[Data block]:

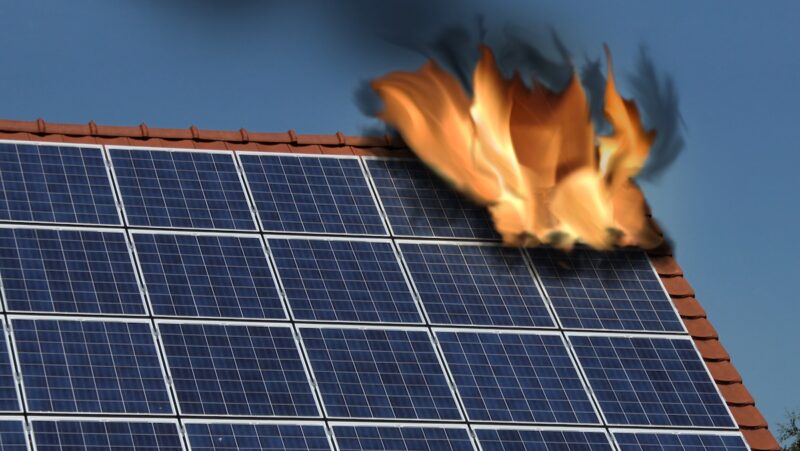 Foto von Photovoltaik-Anlage auf Schrägdach, genau ein Modul steht in Flammen - Symbolbild für Brand bei Solaranlage.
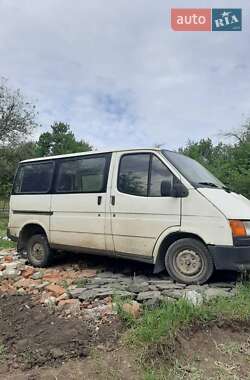 Автобус Ford Transit 1988 в 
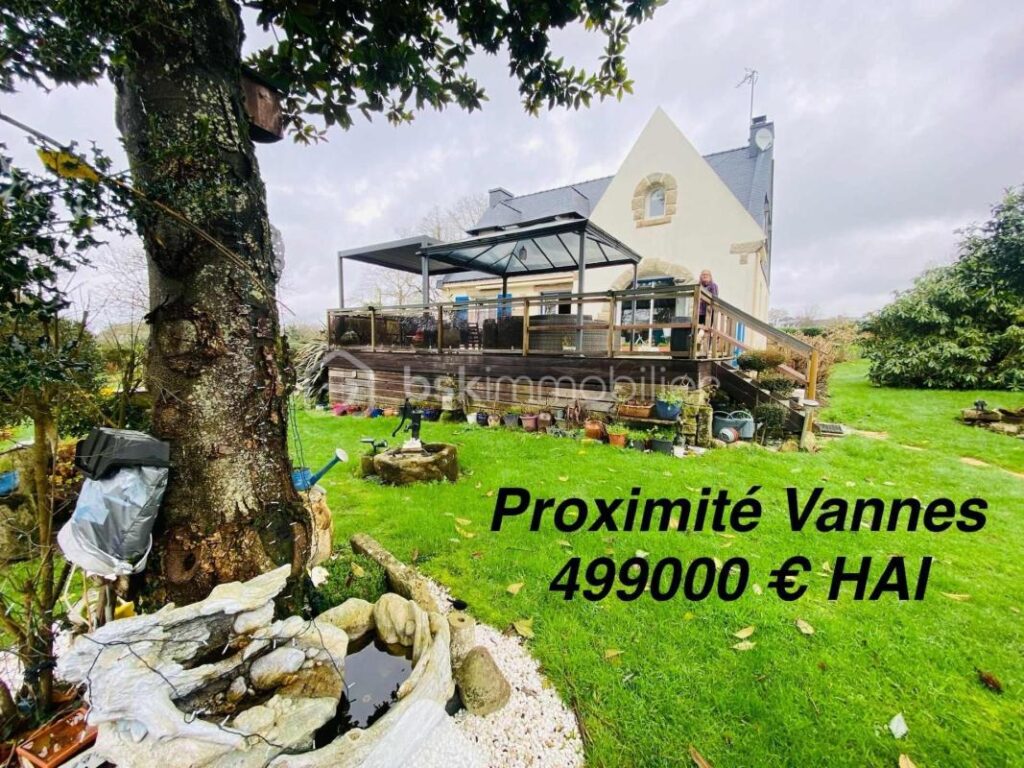 Maison Néo-Bretonne d’environ 140 M² (Proximité de VANNES/ 5 Minutes) – 7 pièces – 5 chambres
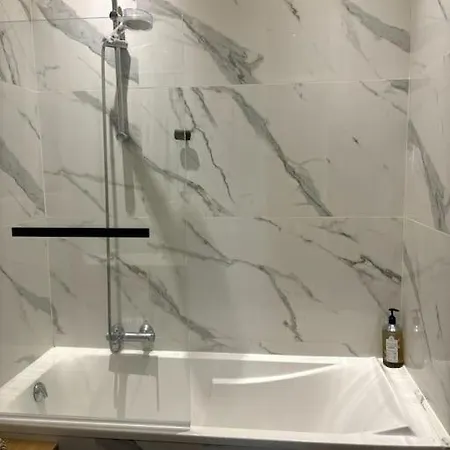 3 Bedroom In Apartment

[The task]: In the material above, retype exactly the lines that run from the one containing "Maison Néo-Bretonne d’environ" through the last line, and keep out the pictures.

[Answer space]:
 Maison Néo-Bretonne d’environ 140 M² (Proximité de VANNES/ 5 Minutes) – 7 pièces – 5 chambres
 3 Bedroom In Apartment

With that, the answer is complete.